The word prediction project has been started and an initial assessment of the task completed. This report describes the goals of the overall project, the magnitude of the challenge, and gives some initial assessments of the results.
The goal of the project, over all, is to use a large body of collected text and use that to be able to predict what the next word will be that a user types. This will be tested by creating a web application that allows a user to enter a fragment of a sentance and then see what the engine predicts.
If successful, this kind of prediction tool is useful for mobile keyboards where being able to present a small set of likely words allows people to type word by word rather than character by character.
The project is roughly halfway complete:
The data sources (containing a large body of text from various sources) have been acquired. The text has been broken into words, URLs, and (for Twitter data) hashtags & user ids. From these words I have calculated some basic statistics and then build a “model” of the data that can be used for predictions. This model is based on something called “n-grams”, which are simply some number (the “n”) of words that appear in sequence in text. For my project, I have decided to work with 2- through 5-grams (that is, 2 to 5 word sequences).
These sequences will be used to make the final prediction program. This document describes how those sequences were generated, what I discovered in the process of discovery, and some initial conclusions. A subsequent document will provide the final conclusions when the project is complete.
In this initial phase of the project I have a few simple goals I want to accomplish:
For the purposes of this analysis, I’m going to work with a subset of the data ammounting to about 1% of the full dataset. The full dataset is quite large:
## Source Size_In_Bytes Lines Estimated_Words Sample_Percent_Unique
## 1 Twitter 316037344 2360148 29824826 8.761
## 2 Blogs 260564320 899288 38272038 7.832
## 3 News 261759048 1010242 34968573 9.364
(We estimate the number of words by extrapolating from our small random sample to keep compute times manageable at this point)
A predictive model is going to favor words that appear more frequently in the text. What are the typical frequences of words?
We can see that the distribution is skewed heavily to the right – most words appear very infrequently in the text, and only a few words (e.g., “The”, “a” appear very frequently).
Although the raw frequency of words is interesting, it isn’t a very useful set of data for predictions (the next word is always “the”!).
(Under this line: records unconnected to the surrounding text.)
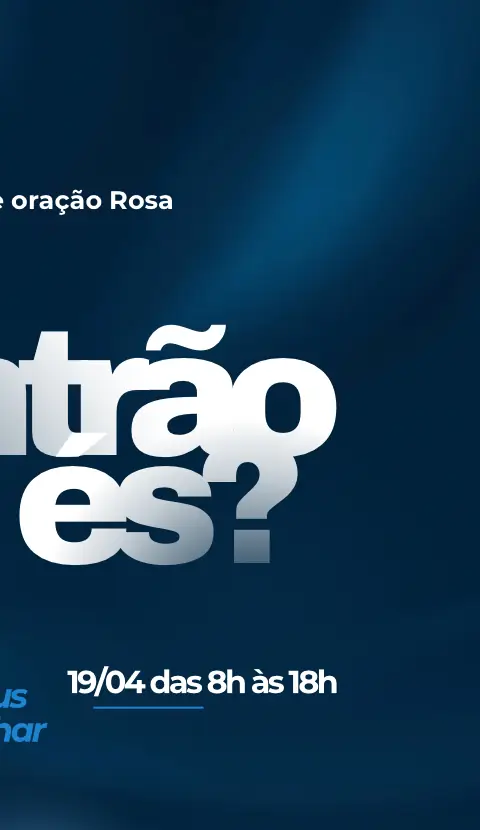 Tecido azul-marinho iluminado em dobras suaves.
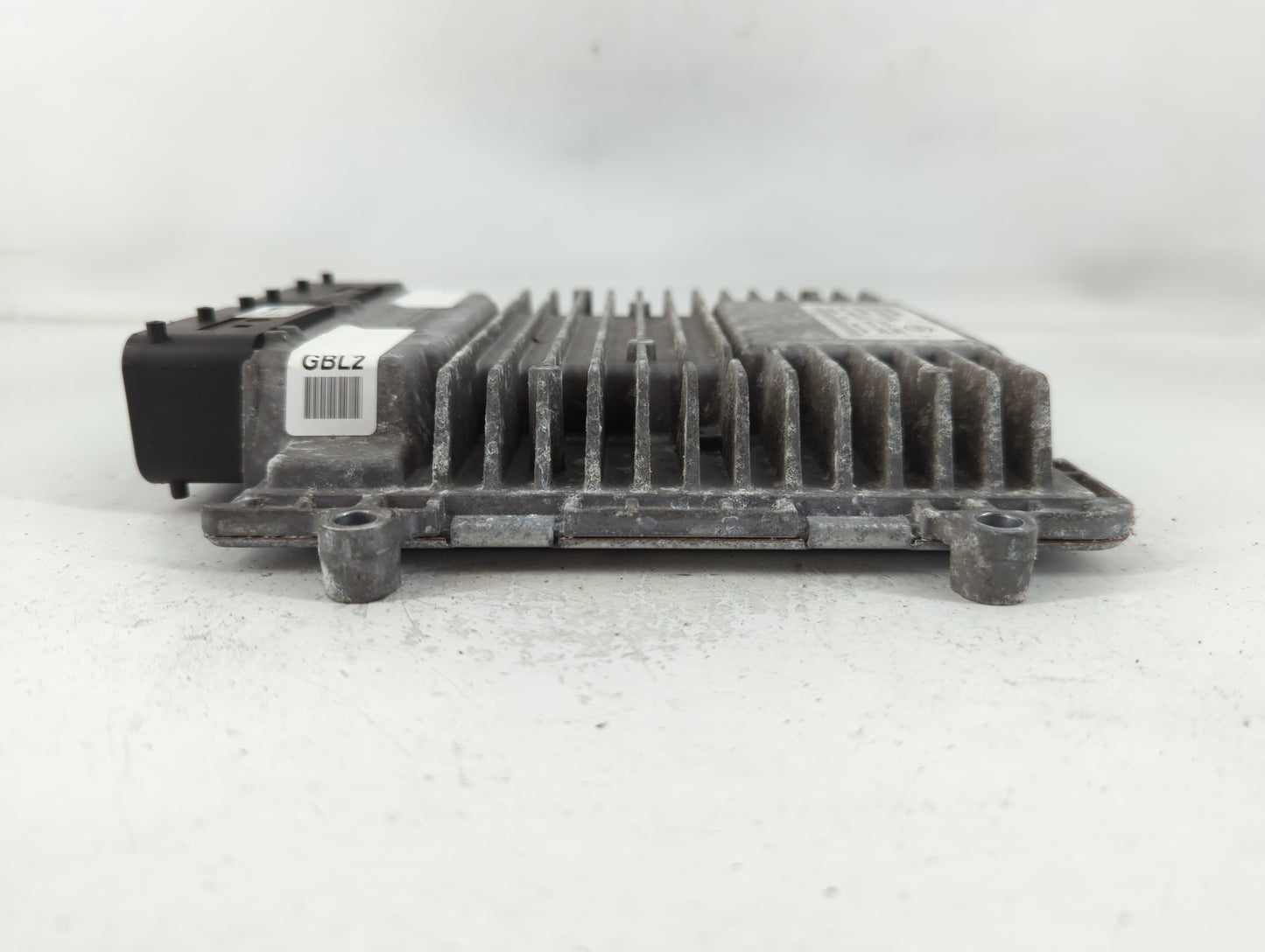 2014-2015 Kia Sorento PCM Engine Control Computer ECU ECM PCU OEM P/N:39113-2GBL2 39103-2GBL02 Fits Fits 2014 2015 OEM Used 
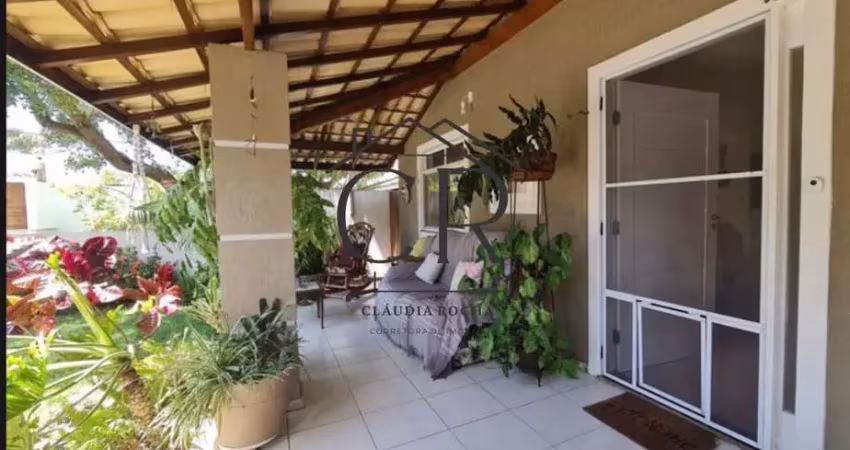 Excelente casa em condomínio próximo a vilas do atlântico, no miragem!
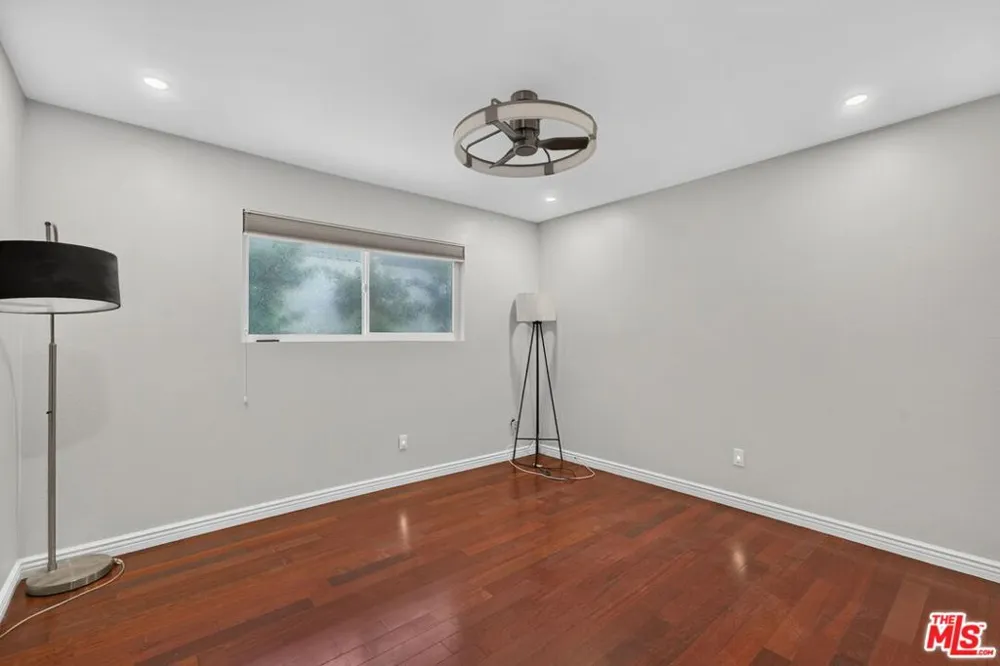 2418 Graham Avenue #2 Redondo Beach, CA 90278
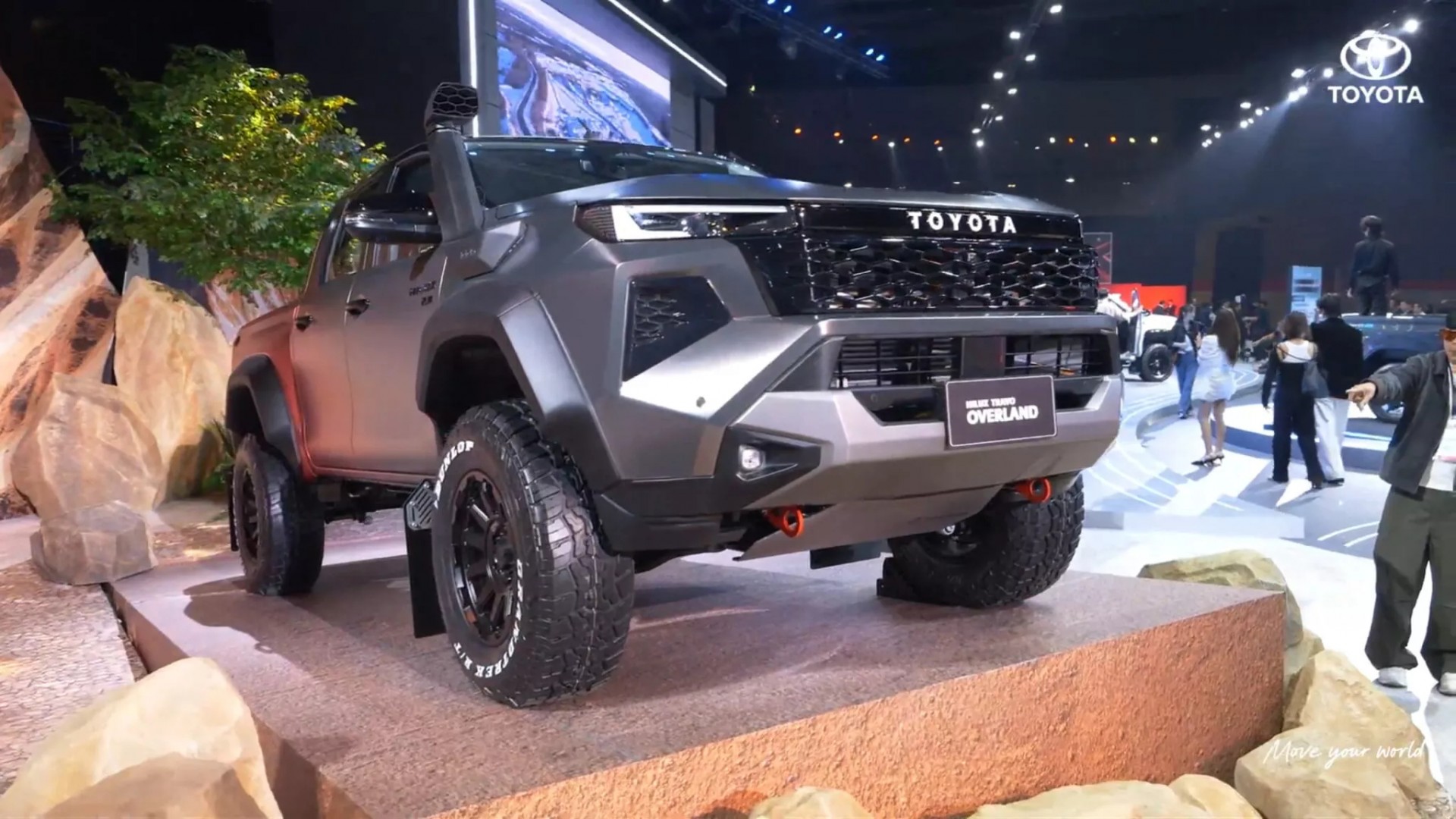 Toyota Hilux 2026 biến hóa từ bản độ chuyên dụng off-road cho tới cắm trại tại sự kiện ra mắt Toyota Hilux 2026 biến hóa từ bản độ chuyên dụng off-road cho tới cắm trại tại sự kiện ra mắt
Instead, we want to use the word or words that are preceeding to predict the next. To build that prediction model we need to create a set of “n-grams”, which have the word(s) leading up to our word. Because this represents a combination of words, we have to worry about how many preceeding words we want to predict on: too few or too many results in bad predictions. For this milestone step, we’re looking at bigrams (two words in sequence), trigrams (three words), and 4-grams.
There are 2116501 n-grams generated from our subset, and a total of 1246843 unique n-1 grams that hold our predictors. Here’s the frequency of the n-grams.
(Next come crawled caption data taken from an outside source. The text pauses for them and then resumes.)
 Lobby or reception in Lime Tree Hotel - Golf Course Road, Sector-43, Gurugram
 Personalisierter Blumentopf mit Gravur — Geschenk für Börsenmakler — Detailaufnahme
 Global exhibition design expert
As you can see, there’s a severe right skew to the data (the absolute values are not important). In the case that a 4-gram, 3-gram and a 2-gram all have the one and same word they predict, we can remove the longer ngrams.
Here’s a quick test:
# Current number of ngrams
ngrams.ngramsLen()
## [1] 2116501
# Remove all "useless" ngrams
ngrams.prune()
# New number of ngrams for making predictions
ngrams.ngramsLen()
## [1] 528955
Given the large size of the data set, I will have to be selective about what predictions I keep. I filtered the data based upon whether a phrase occured at least twice, at least 5 times, or at least 10 times to try to build a manageable set of data.
Here are the number of n-grams that remained at each level after processing the full corpus:
## >1 5+ 10+
## 7000088 1173900 468467
Tuning the threshold gives me an opportunity to get the “best” predictions within performance limits. This leaves me ready to build the final prediction engine and optimize it for on-the-web performance.
With a set of optimized n-grams in place, my next step is to build a prediction tool that will use those n-grams to guess the next word in a sentence fragment. The tool needs UI design, prediction engine design, and then to be tested and deployed to the web.